Eglises d'Asie

Deux journaux locaux du Gujarat sont accusés d’avoir présenté une version tendancieuse des troubles qui ont ravagé la région

Publié le 18/03/2010




La “Guilde des rédacteurs de presse” avait chargé un groupe de journalistes de mener une enquête sur la façon dont avaient été couverts par la presse nationale les troubles ayant mis une partie du Gujarat “à feu et à sang”, à partir du 27 février, violences qui, aujourd’hui, ne sont que partiellement terminées. Le groupe était composé de trois grands noms de la presse nationale, Dileep Padgaonkar du Times of India, Aakar Patel de Mid-Day de Bombay, et B.G. Verghese, ancien rédacteur au The Hindustan Times. Du 31 mars au 6 avril, les enquêteurs se sont rendus sur les lieux touchés par les émeutes, ont pris contact avec les plus hautes autorités de l’Etat et consulté les récits et reportages rédigés à ce sujet dans la presse. Le résultat de cette enquête est contenu dans un copieux rapport de 254 pages qui vient d’être publié.

La conclusion de l’ouvrage est toute en faveur de l’objectivité des organes de la presse nationale et d’une partie des médias du Gujarat, dont il est dit qu’ils ont été exemplaires dans leurs comptes-rendus quotidiens des troubles intercommunautaires. La condamnation sans complaisance portée par l’équipe d’enquête contre les deux principaux quotidiens du Gujarat n’en prend que plus de poids.
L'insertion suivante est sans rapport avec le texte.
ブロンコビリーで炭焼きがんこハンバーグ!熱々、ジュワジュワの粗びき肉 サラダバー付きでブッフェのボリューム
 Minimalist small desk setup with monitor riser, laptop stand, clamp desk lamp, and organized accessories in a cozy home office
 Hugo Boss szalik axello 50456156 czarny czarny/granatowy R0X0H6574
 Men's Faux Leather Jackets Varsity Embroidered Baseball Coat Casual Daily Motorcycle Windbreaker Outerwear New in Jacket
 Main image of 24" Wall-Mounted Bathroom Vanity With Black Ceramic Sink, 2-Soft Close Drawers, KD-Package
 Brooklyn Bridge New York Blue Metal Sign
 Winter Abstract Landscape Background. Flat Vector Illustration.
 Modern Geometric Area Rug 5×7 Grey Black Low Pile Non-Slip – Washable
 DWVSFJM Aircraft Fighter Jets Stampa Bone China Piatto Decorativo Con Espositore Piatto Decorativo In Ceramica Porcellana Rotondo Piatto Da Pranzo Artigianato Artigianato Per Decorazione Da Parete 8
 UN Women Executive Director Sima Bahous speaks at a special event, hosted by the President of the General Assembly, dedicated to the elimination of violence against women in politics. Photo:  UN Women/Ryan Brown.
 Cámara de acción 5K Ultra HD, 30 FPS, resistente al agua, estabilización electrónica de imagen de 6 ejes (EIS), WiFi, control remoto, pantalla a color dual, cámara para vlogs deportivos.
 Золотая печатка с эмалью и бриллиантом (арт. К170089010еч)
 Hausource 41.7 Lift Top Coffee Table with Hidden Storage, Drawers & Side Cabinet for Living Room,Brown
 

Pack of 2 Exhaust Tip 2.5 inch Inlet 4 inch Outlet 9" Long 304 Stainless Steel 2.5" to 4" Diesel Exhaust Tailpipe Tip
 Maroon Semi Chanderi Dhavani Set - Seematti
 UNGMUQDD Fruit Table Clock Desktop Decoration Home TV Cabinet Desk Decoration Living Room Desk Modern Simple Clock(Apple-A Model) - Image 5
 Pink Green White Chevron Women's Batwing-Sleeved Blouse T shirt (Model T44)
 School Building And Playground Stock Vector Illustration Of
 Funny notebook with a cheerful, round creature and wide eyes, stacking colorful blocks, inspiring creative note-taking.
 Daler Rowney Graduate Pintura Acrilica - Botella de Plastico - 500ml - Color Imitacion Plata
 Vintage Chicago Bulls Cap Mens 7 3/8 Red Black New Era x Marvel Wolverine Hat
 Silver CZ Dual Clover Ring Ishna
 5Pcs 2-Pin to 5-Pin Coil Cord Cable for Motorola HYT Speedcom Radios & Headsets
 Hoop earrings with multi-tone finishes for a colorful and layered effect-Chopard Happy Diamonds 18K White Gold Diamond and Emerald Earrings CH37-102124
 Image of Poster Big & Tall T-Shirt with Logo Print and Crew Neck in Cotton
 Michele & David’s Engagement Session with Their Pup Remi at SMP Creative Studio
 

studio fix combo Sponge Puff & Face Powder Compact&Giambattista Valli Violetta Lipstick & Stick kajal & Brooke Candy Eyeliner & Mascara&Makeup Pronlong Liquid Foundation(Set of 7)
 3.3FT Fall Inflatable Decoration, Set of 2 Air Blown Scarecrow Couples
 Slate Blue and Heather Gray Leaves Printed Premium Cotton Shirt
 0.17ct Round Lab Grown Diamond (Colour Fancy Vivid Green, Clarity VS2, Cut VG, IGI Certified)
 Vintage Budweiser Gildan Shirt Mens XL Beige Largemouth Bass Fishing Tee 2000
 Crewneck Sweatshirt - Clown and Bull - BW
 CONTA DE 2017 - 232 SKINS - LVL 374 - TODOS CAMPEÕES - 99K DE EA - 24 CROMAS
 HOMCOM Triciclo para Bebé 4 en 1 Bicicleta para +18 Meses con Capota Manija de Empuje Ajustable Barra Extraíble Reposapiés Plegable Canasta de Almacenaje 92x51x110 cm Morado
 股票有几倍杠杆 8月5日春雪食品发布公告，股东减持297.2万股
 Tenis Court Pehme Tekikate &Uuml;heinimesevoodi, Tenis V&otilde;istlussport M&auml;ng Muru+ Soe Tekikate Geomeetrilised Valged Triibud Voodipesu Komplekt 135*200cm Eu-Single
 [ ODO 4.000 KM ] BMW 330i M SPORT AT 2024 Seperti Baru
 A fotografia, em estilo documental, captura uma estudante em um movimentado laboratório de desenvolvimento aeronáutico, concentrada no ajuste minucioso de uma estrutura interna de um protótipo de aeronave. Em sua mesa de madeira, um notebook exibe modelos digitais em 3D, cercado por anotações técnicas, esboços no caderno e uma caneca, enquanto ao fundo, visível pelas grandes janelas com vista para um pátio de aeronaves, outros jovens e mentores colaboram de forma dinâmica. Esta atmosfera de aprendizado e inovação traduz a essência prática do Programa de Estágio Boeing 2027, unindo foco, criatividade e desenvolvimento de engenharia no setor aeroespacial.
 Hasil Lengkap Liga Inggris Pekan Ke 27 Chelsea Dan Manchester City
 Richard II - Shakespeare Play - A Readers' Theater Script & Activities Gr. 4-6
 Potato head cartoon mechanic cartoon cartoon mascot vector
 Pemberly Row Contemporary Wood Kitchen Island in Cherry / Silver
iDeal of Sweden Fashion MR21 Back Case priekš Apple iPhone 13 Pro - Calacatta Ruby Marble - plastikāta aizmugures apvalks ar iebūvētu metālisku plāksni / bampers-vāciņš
Selon le rapport d’enquête, en effet, les deux journaux de l’Etat, Sandesh et Gujarat Samachar, auraient, dans un premier temps, publié des comptes-rendus “provocateurs et irresponsables” du drame de la gare de Godhra, le 27 février (1). Ce jour-là, un convoi ramenant des militants hindouistes de Ayodhya, alors qu’il quittait la gare de Godhra, a été attaqué et incendié par une foule de plusieurs milliers de musulmans. A l’arrivée de la police sur les lieux, il y avait 58 morts dont 15 enfants. Le rapport d’enquête voit dans le contenu des articles publiés à ce sujet dans les journaux incriminés une intention délibérée d’inciter à la violence, de propager la haine et d’alimenter la discorde. D’une façon générale, la couverture donnée par les deux journaux locaux aux événements qui ont suivi l’attaque du train reflète une volonté de provocation, absolument incompatible avec les normes ordinaires de la déontologie journalistique.

En conclusion, le groupe chargé d’enquête suggère au gouvernement de nommer un haut magistrat chargé de déterminer les infractions à la loi commises par les auteurs des écrits incriminés et de recommander la mise en œuvre d’une action de justice contre les journaux qui les ont publiés. Le Gujarat Samachar et le Sandesh, les deux journaux mis en cause par l’enquête, sont deux importants quotidiens de la région, en langue locale. En temps ordinaire, ils tirent respectivement à 810 000 et à 705 000 exemplaires. Depuis le début des troubles du Gujarat, leur nombre de lecteurs a plus que doublé à tel point que 1 500 000 exemplaires du Sandesh sont vendus chaque jour.